On Monday, the US government transferred approximately $297 million in seized Bitcoin and Ether to Coinbase Prime, a move it occasionally makes.

This prompts the same two questions each time: is this merely for safekeeping, or is it a prelude to a sale, and will the government uphold its 16-month-old pledge not to sell confiscated Bitcoin?

On July 13, the US government transferred approximately $297 million in seized Bitcoin and Ether to Coinbase Prime in two on-chain transactions tracked by Arkham Intelligence, with the funds sourced from three distinct criminal cases.

The transfer may be purely administrative, as Coinbase Prime serves as the government’s contracted custodian through a $32.5 million deal with the US Marshals Service, but that same contract also allows for the liquidation of assets, so on-chain analysts view exchange inflows as a potential sale signal.

An executive order issued in March 2025 prohibits the sale of Bitcoin held in the Strategic Bitcoin Reserve, but this protection only applies to Bitcoin, leaving the $53 million in Ether vulnerable to being sold, with the market watching for outflows to trading desks.

What actually moved, and why it drew scrutiny

Arkham Intelligence, a blockchain surveillance service, closely monitored the government’s digital wallets and asked the question on everyone’s mind: “Will they be selling it all?”

The funds were transferred in two stages, with an initial deposit of $8.8 million, followed by a second worth $288.33 million three hours later, comprising 3,940 Bitcoin worth about $244 million and 30,014 Ether worth about $53 million.

The coins in question are from three criminal cases.

They were seized from Ryan Farace, a drug dealer who operated on the dark web under the alias “XANAXMAN,” and from the now-defunct BTC-e, a cryptocurrency exchange that was shut down for money laundering.

The Ether traces to Brian Krewson, a former Oracle employee.

Typically, seized coins languish untouched in cold storage.

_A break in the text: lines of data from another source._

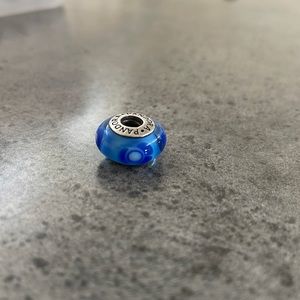 Blue murano charm PANDORA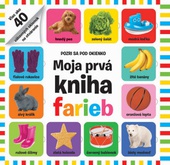 obálka: Moja prvá kniha farieb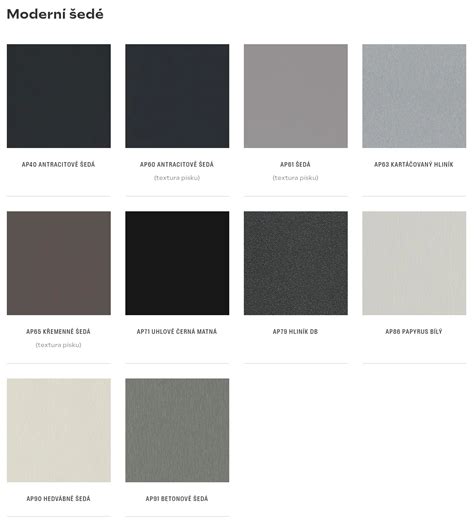 detail vzorníku barev NCS s barevnými vzorky a kódy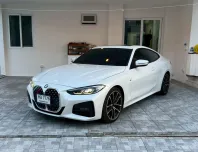 BMW SERIES 4 430i COUPE M SPORT เกียร์ออโต้ ปี 2021
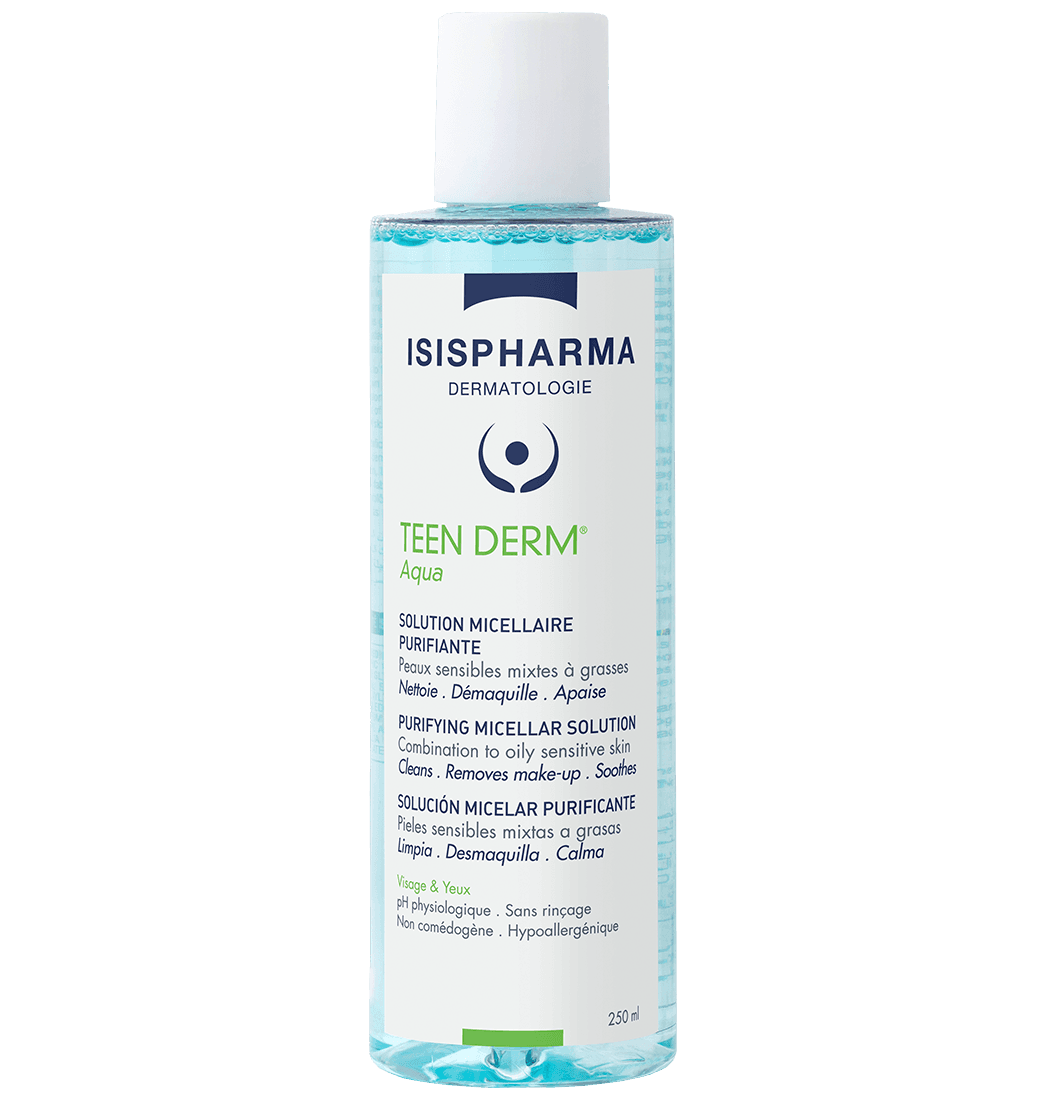 TEEN DERM Aqua Purifying Micellar Solution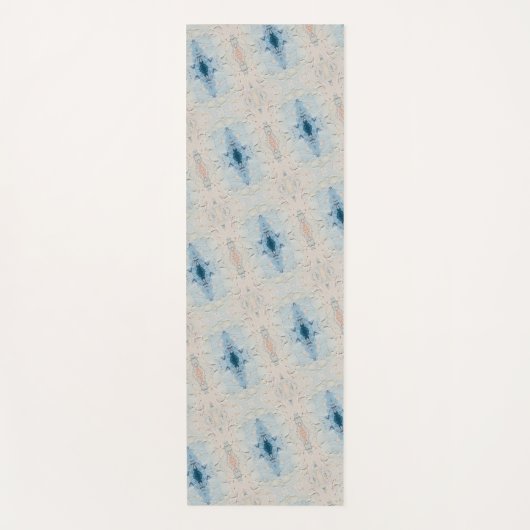 Textura #6 de la obra Viendo a travez de los ojos Yogamatte (Vorderseite)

As a result, when they are transferred, traders are on high alert for a motive.

There is a recent precedent that comes to mind. In December 2024, the government transferred almost $2 billion worth of Bitcoin linked to Silk Road to the same exchange, around the time a court cleared the stash for sale, and the price dipped roughly 1% to around $95,800 before recovering.

What the government’s own rules allow

On paper, nothing about this is unusual. Since 2024, the US Marshals Service has hired Coinbase Prime to store, trade, and liquidate seized assets under a $32.5 million contract.

The platform’s job is to sell, so this isn’t a departure from its normal duties.

The Bitcoin is the complication. Trump’s executive order in March 2025 established the Strategic Bitcoin Reserve from seized coins and vowed the government would not sell it: “The United States will not sell bitcoin deposited into the Strategic Bitcoin Reserve.”

However, this pledge only applies to Bitcoin and does not extend to Ether, which belongs to a separate Digital Asset Stockpile that the government is free to sell, thus putting the $53 million Ether leg in play.

Tim Sun, a senior researcher at HashKey, said: “The market needs to distinguish between Bitcoin held in the reserve and the US government’s broader balance-sheet holdings.”

The critical detail that no one outside the Treasury can confirm is whether these coins have actually been forfeited and moved into the reserve or are still ordinary seized assets passing through Marshals custody.

Why the market barely moved

Prices were nearly unaffected, with Bitcoin falling less than 1% to $62,650 and Ether hovering around $1,780, largely unrelated to the seized coins.

Market participants were watching the macro calendar, awaiting fresh inflation data and Fed Chair Kevin Warsh’s July testimony.

There is a longer reason for the calm. The fact that the government hands over nine-figure sums to a commercial custodian instead of a vault shows the progress made in the institutional plumbing of crypto. 

The record cautions against assuming a crash is triggered by a single seller, as the government spreads out its sales.

For instance, a large sale of 9,861 Bitcoin in March 2023 took place on a day when the price rose by 2.43%.

Michael Terpin, founder of Transform Group, said on the On The Margin podcast that traders overreact to isolated incidents:

“We have been following the four-year cycle unbelievably well, and yet every bear market it still seems like the majority of pundits say the cycle is broken.”

What it means for investors

What matters now is the next move of the coins, not the fact that they moved. Sitting in a custodian’s wallet, they are inconsequential.

A transfer out of Coinbase Prime and onto an exchange order book would be a real warning, but that hasn’t happened.

Two things will settle this: whether the Treasury classifies the Bitcoin as reserve money, which would render a sale a broken promise, and whether the Ether is sold discreetly like previous stockpile assets.

Until then, this appears as the government shuffling its own coins, and the price concurs.